Police charged Matthew’s mother, Katirina Tirado, in May with manslaughter and cruelty to persons.

The Egan’s report says the state Department of Children and Families closed a neglect case involving Matthew Tirado a month before his death, after his mother refused for months to let a DCF worker see him.

DCF Commissioner Joette Katz said in a statement that, while “nothing diminishes the heartbreaking nature of what happened,” her agency lacked authority to force his mother to allow access to the boy.

"In this particular instance, the mother repeatedly denied child welfare, school, and law enforcement officials, among others, access to Matthew,” she said. “Lacking the authority to force the mother to cooperate and allow access to Matthew, none of these entities had evidence of the abuse that she inflicted on him.
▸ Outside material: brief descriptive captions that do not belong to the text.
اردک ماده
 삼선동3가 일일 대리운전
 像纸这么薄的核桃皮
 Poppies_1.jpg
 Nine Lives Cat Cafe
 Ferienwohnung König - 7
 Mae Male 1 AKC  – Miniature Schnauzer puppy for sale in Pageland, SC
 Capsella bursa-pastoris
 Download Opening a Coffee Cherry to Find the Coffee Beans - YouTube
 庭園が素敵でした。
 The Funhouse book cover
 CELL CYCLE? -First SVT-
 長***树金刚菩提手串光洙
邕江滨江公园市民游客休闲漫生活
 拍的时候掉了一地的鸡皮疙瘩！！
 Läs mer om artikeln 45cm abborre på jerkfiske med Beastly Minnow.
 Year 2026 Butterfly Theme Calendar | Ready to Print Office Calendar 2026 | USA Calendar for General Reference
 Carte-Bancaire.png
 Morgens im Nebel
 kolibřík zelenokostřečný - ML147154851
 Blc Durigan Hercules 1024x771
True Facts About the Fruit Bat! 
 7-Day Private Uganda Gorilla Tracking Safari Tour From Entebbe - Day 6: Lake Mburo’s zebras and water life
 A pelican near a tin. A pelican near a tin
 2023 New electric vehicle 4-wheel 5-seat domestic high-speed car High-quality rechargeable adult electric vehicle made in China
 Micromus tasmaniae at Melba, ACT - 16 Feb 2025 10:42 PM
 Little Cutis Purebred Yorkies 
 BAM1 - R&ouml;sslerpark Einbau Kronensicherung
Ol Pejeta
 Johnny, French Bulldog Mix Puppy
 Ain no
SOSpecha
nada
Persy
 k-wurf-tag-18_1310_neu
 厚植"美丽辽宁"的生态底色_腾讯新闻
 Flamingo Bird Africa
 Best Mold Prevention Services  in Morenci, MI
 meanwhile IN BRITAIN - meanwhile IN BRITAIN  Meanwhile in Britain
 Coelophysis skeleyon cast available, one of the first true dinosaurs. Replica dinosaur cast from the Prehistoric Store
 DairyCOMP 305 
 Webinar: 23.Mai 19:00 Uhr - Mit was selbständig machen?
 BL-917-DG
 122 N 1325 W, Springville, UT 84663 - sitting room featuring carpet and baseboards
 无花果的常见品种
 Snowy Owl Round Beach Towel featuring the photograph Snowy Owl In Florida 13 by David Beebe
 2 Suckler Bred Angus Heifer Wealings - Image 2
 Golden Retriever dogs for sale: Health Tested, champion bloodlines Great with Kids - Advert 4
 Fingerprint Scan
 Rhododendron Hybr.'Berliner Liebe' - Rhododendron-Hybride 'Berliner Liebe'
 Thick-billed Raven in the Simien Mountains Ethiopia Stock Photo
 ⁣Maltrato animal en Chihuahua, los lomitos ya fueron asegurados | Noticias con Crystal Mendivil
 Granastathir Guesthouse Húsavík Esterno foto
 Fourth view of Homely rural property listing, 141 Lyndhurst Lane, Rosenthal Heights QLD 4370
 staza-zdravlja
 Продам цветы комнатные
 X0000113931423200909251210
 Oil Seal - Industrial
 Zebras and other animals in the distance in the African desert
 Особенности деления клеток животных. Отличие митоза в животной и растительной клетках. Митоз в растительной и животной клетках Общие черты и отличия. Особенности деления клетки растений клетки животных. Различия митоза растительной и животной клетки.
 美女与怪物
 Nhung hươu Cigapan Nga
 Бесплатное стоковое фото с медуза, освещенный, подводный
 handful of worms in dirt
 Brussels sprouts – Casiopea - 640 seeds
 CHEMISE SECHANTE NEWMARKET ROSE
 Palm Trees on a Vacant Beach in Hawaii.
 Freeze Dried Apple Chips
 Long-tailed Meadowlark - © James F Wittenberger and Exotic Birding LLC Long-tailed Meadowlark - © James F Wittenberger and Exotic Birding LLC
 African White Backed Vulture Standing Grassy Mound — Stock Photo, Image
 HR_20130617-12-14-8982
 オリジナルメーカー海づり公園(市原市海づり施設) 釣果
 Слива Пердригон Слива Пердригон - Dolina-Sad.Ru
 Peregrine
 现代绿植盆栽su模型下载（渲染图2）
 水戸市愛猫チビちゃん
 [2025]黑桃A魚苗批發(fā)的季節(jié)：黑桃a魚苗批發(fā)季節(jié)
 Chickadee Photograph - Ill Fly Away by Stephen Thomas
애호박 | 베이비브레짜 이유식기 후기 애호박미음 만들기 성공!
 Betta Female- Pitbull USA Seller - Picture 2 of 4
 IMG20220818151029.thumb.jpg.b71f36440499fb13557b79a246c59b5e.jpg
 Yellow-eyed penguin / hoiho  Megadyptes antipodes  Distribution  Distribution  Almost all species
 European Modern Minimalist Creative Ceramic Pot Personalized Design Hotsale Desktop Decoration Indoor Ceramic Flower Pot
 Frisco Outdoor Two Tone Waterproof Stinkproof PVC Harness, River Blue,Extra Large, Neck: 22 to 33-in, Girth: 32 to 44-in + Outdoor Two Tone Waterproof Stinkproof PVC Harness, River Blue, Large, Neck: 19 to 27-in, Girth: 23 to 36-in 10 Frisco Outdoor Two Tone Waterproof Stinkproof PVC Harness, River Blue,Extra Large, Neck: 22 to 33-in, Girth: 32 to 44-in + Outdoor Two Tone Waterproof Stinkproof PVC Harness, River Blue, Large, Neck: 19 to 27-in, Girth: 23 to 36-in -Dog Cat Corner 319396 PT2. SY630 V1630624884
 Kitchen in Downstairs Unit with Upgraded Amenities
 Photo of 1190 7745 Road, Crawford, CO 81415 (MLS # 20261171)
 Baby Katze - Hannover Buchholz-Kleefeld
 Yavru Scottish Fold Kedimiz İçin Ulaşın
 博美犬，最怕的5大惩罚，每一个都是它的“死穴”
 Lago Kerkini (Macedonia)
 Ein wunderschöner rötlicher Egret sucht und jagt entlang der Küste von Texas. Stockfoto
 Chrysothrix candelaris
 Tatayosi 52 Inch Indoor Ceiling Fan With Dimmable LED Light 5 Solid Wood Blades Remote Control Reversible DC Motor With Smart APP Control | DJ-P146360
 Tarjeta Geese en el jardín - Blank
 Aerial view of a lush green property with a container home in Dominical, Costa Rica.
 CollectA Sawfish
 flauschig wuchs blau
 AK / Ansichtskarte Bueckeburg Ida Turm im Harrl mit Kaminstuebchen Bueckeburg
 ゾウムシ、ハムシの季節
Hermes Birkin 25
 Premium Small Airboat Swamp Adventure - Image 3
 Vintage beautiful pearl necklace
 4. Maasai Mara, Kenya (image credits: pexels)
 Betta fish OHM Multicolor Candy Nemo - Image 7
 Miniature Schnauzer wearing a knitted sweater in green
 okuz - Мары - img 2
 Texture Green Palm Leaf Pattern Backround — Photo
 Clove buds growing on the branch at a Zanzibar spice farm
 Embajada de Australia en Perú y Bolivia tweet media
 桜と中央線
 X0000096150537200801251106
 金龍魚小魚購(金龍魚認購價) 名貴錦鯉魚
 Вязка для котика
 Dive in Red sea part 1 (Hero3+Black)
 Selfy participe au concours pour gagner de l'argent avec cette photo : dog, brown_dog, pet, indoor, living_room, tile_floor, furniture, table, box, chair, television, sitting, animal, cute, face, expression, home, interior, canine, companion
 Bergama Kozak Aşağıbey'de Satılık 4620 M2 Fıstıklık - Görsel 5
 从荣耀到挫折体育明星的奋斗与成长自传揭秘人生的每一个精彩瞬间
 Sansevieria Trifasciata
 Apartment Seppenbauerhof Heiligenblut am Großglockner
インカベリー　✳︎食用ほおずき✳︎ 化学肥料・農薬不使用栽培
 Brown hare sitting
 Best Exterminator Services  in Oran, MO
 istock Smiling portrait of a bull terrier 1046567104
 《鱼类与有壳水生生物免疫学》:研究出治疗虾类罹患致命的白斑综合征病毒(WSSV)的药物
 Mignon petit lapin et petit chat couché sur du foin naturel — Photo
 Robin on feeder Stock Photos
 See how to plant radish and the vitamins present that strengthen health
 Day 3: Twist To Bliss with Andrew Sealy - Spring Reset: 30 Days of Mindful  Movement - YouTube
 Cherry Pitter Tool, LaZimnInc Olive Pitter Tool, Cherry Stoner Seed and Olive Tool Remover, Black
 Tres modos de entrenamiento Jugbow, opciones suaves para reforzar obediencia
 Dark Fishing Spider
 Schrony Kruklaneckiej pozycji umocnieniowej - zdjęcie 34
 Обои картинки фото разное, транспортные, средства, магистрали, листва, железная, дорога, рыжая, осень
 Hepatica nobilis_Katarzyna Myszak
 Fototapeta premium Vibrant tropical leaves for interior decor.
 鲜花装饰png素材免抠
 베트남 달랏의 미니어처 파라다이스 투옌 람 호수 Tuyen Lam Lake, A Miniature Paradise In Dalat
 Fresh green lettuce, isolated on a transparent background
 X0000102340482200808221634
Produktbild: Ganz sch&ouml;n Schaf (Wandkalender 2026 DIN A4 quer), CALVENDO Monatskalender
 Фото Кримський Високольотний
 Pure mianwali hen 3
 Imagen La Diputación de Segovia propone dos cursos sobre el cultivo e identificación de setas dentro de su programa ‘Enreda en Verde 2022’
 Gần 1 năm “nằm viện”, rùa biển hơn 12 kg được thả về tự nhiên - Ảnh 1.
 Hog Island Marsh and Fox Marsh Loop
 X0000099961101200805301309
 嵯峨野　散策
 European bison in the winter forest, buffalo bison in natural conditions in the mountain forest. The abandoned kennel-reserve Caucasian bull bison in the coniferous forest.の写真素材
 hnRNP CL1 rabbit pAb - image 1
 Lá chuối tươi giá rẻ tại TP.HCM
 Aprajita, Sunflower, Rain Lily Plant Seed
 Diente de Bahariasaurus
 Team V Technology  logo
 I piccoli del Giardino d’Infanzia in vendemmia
With that said, despite the limitations on what actions the Department can take in light of parental resistance, the Department has taken steps to improve the work of our agency."

Senate Republican Leader Len Fasano, R-North Haven, renewed his call for Katz to resign, saying she hasn’t improved the DCF, which was already under federal court oversight prior to her appointment, during her seven years as commissioner. 

“I would make a very argument that not only is she not better after seven years, in some categories she’s fallen behind in those categories,” he said. 

Sen. Len Suzio, R-Meriden, and co-chairman of the Children’s Committee, said the committee will hold a hearing on Dec. 19 to hear from both Egan and DCF before considering what action the legislature might take next year.